The system follows a multi-phase workflow to ensure all models have responses and all responses are graded.

flowchart TD
    Start([Start CLI]) --> Init[Initialize Config & TokenTracker]
    Init --> Scan[Scan Directory for JSON Files]
    Scan --> Load[Load File Data into Memory]
    
    subgraph Planning [Task Planning]
        Load --> CheckGen[Identify Missing Generations]
        Load --> CheckGrade[Identify Ungraded Responses]
    end

    Planning --> Phase1[Phase 1: Concurrent Processing]
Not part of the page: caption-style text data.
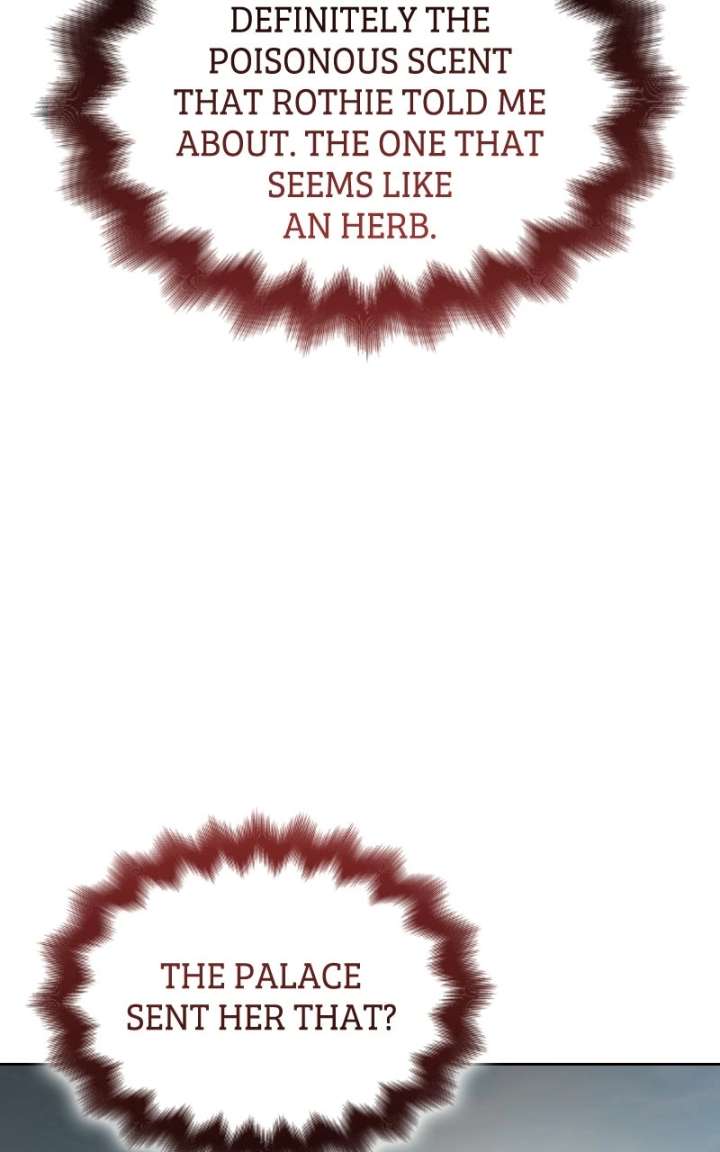 Describe Your Feeling When Being Reincarnated as Your Husband’s Mistress Chapter 77 468 77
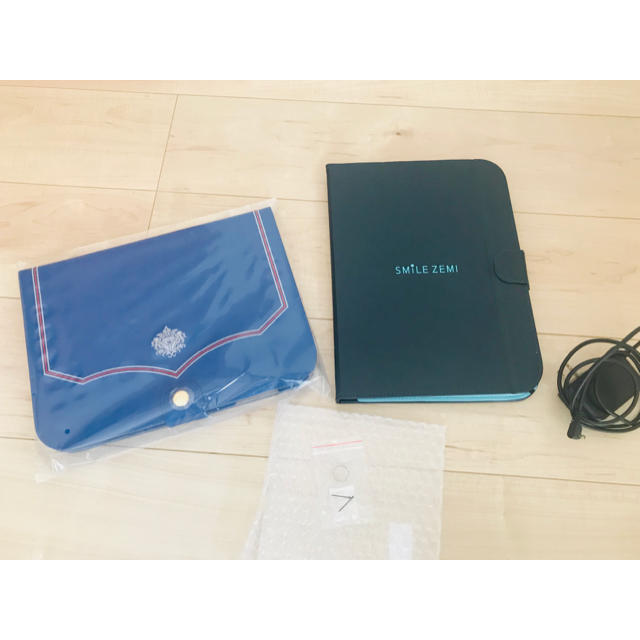 人気の贈り物が大集合 cidsa 99様専用 スマイルゼミ 語学/参考書 値下げ断行 yosshi 様専用 複数名セット アイドル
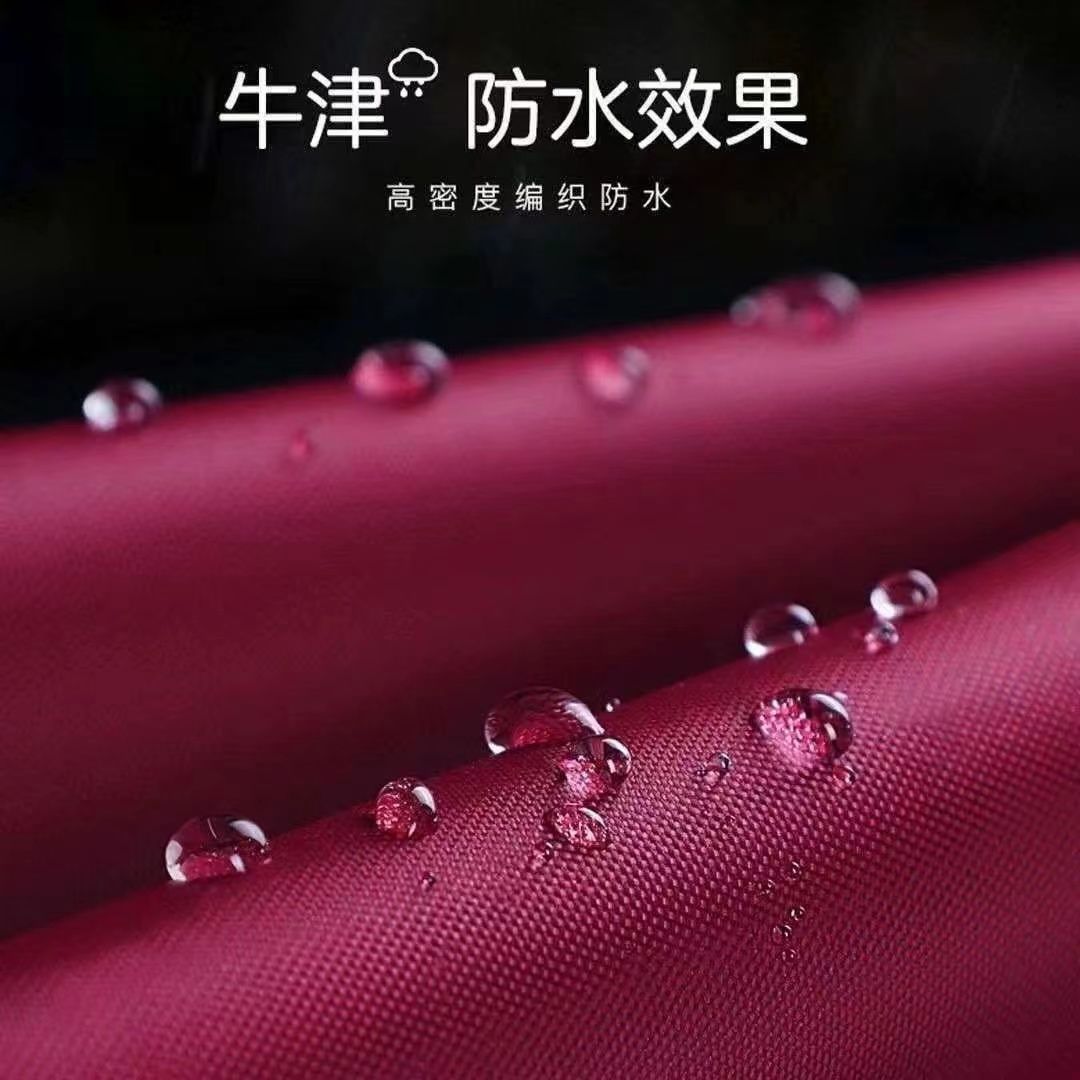 Plus-Sized Raincoat Electric Car Poncho Battery Car Motorcycle Thickened Single Double Raincoat Foot Covering Men and Women Rainproof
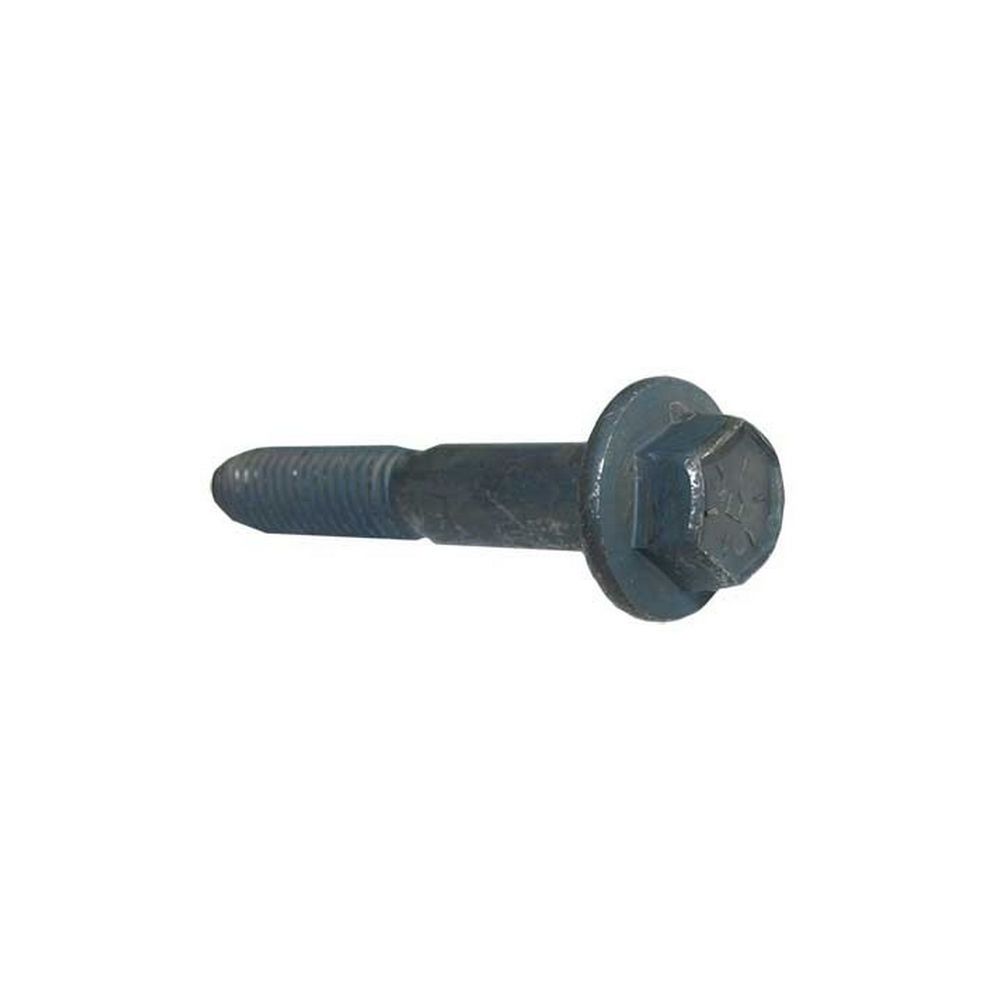 Goujon du collecteur d'échappement réf. 87332791 - Ford New Holland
    subgraph Phase1 [Concurrent Generation & Grading]
        direction TB
        P1_Gen[Task: Generate Response]
        P1_Grade[Task: Grade Response]
        P1_Gen -- LLM Client --> P1_LLM((LLM API))
        P1_Grade -- Judge Client --> P1_Judge((Judge API))
    end

    Phase1 --> ProcessResults[Process & Store Results in Memory]
    
    ProcessResults --> CheckRetry{Failed Generations?}
    CheckRetry -- Yes --> Phase2[Phase 2: Retry Failed Tasks]
    Phase2 --> P2_Gen[Generate Retry] --> ProcessResults
    CheckRetry -- No --> CheckNew{New Responses Generated?}

    CheckNew -- Yes --> Phase3[Phase 3: Grade New Responses]
    Phase3 --> P3_Grade[Grade New Models] --> ProcessResults
    CheckNew -- No --> Save

    Save[Save Updated JSON Files] --> Report[Generate Excel & JSON Reports]
    Report --> End([End])

    style Phase1 fill:#f9f,stroke:#333,stroke-width:2px
    style Phase3 fill:#bbf,stroke:#333,stroke-width:2px
Loading

Component Details

1. GradingOrchestrator

Located in src/omb/orchestrator.py. This class encapsulates the entire application logic. It maintains the state of all test files in self.file_data_map, which allows it to update results in-memory before writing them to disk.

2. Processing Module

Located in src/omb/processing/. Contains the core asynchronous functions:

  • generate_model_response: Handles prompting a generator model (e.g., via OpenRouter) to answer the question.
  • grade_single_model: Constructs a grading prompt containing the user query, model response, and rubric, then sends it to the Judge model to parse scores.

3. Clients

Located in src/omb/clients/. Abstracts the differences between various LLM providers. BaseLLMClient defines the interface, and subclasses handle specific API signatures (e.g., OpenRouter's OpenAI-compatible API, Ling1T's custom API).

4. Reporting

Located in src/omb/reporting/. Generates the final artifacts.

  • Excel Report: A comprehensive spreadsheet with color-coded scores, consistency checks, and cost breakdowns.
  • JSON Report: A machine-readable summary of the run.